NOTE In accordance with ISO/IEC Directives, Part 1, IEC PASs are automatically withdrawn after 4 years.

IMPORTANT – The "colour inside" logo on the cover page of this document indicates
that it contains colours which are considered to be useful for the correct understanding
of its contents.

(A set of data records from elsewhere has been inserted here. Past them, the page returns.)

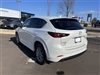 2024 Mazda CX-5 2.5 S Preferred Package
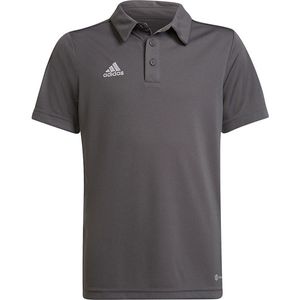 adidas Entrada 22 Polo Kids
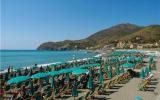 Ferienhaus Italien: Ferienhaus Charlot In Levanto, Cinque Terre, Italien ...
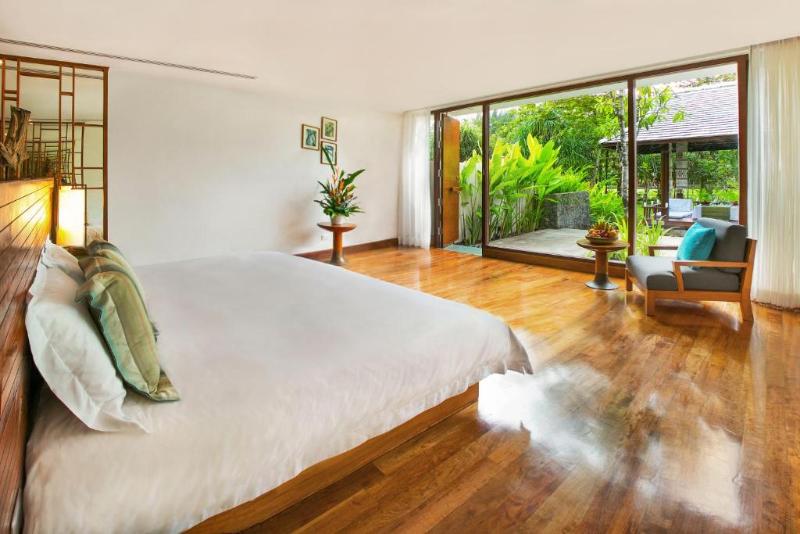 סוויטה דלוקס, Holiday Inn Express Hotel & Suites Emporia, An Ihg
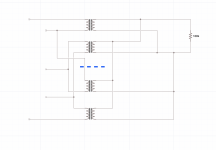 cross coupled transformers.png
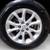 2019 Chevrolet Equinox AWD All Wheel Drive Chevy LT SUV 7 thumbnail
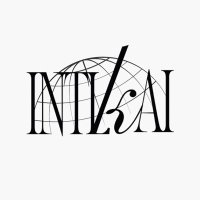 INTLKAI (@kaiarchived) 's Twitter Profile Photo INTLKAI (@kaiarchived) 's Twitter Profile Photo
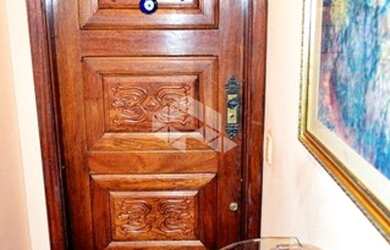 Imagem 4: PORTO ALEGRE - Apartamento Padrão - Cristal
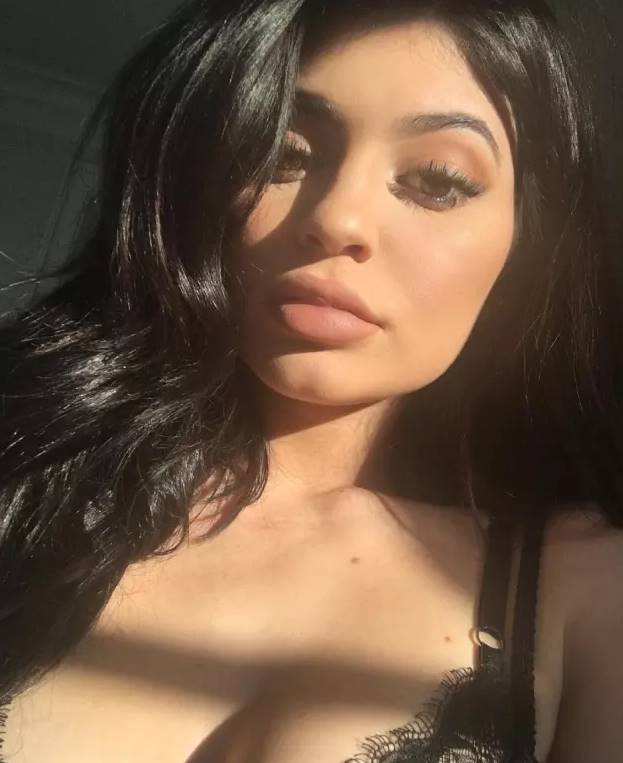 Gebze Acemi Grup Eve Gelen Escort Bayan Dide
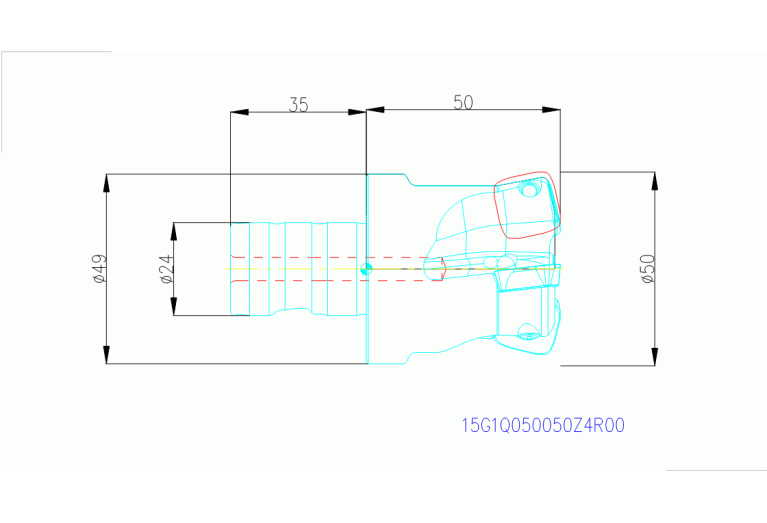 15G1Q050050Z4R00
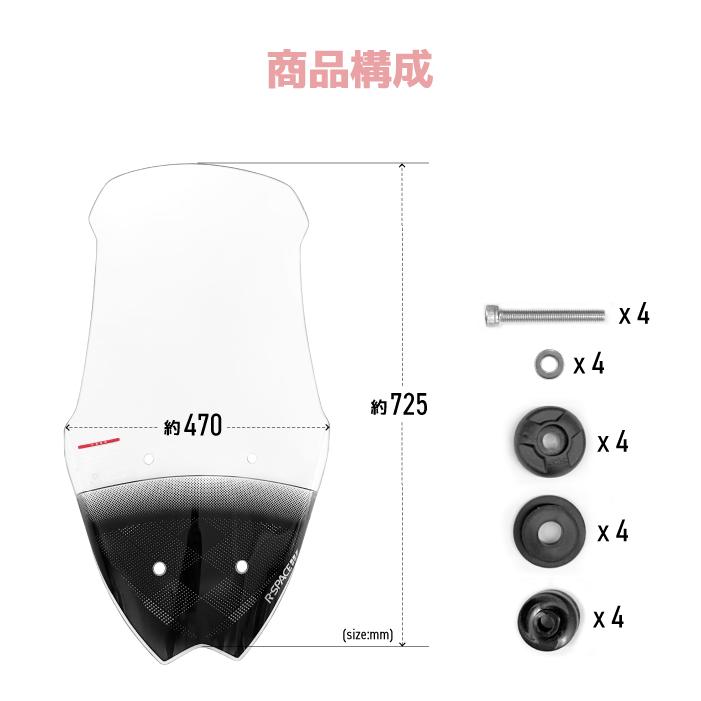 ハイウェイ　１８inch サイン ハイウェイ 18inch サイン ハイウェイ 18inch サイン ZX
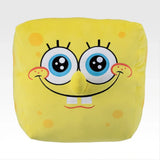 SpongeBob SquarePants - SpongeBob SquarePants - Ichiban Kuji - Welcome to Bikini Bottom! - Last One Prize (Bandai Spirits)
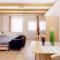 Apartman Szanyi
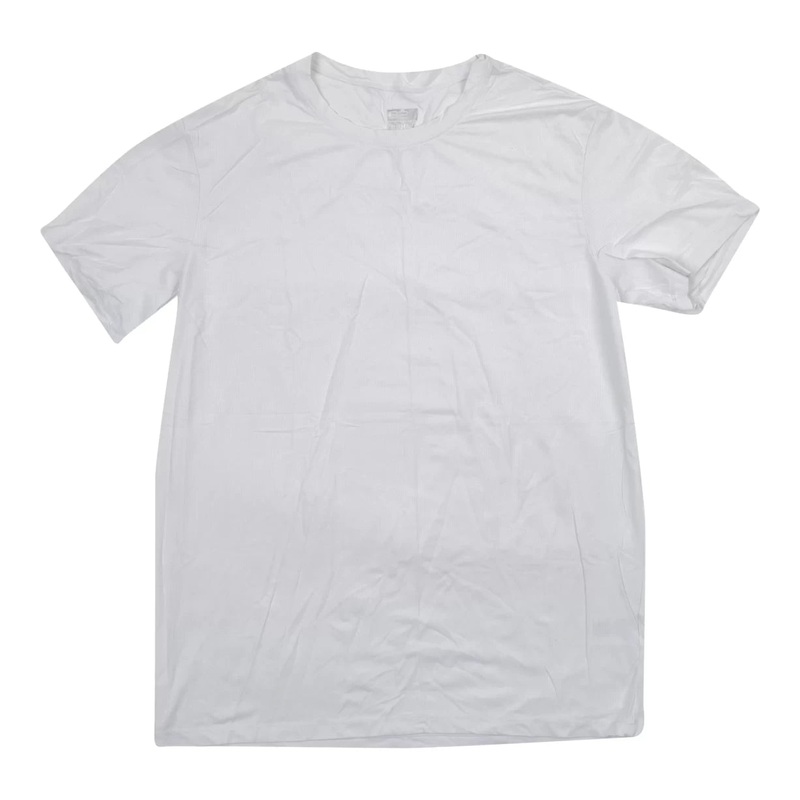 32 Degrees Cool Crew Neck T-Shirt - Men's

Users should therefore print this document using a colour printer.

– 6 – CISPR PAS 39:2024 © IEC 2024
INTRODUCTION
This PAS complements IEC 61000-6-3:2020 by the addition of the following:
• addition of normative requirements for conducted emissions at the low voltage AC mains
port in the frequency range 9 kHz to 150 kHz;
• addition of an informative annex providing background information on the normative limits;
• addition of an informative annex with recommendations to limit the spectral density of
non-intentional emissions (NIE).
The technical content of this PAS was derived from a fragment of the maintenance of
IEC 61000-6-3 and, as CIS/H/459/CDV, this fragment received 100 % support from the National
Committees.
This PAS is published due to the urgent market needs for these requirements.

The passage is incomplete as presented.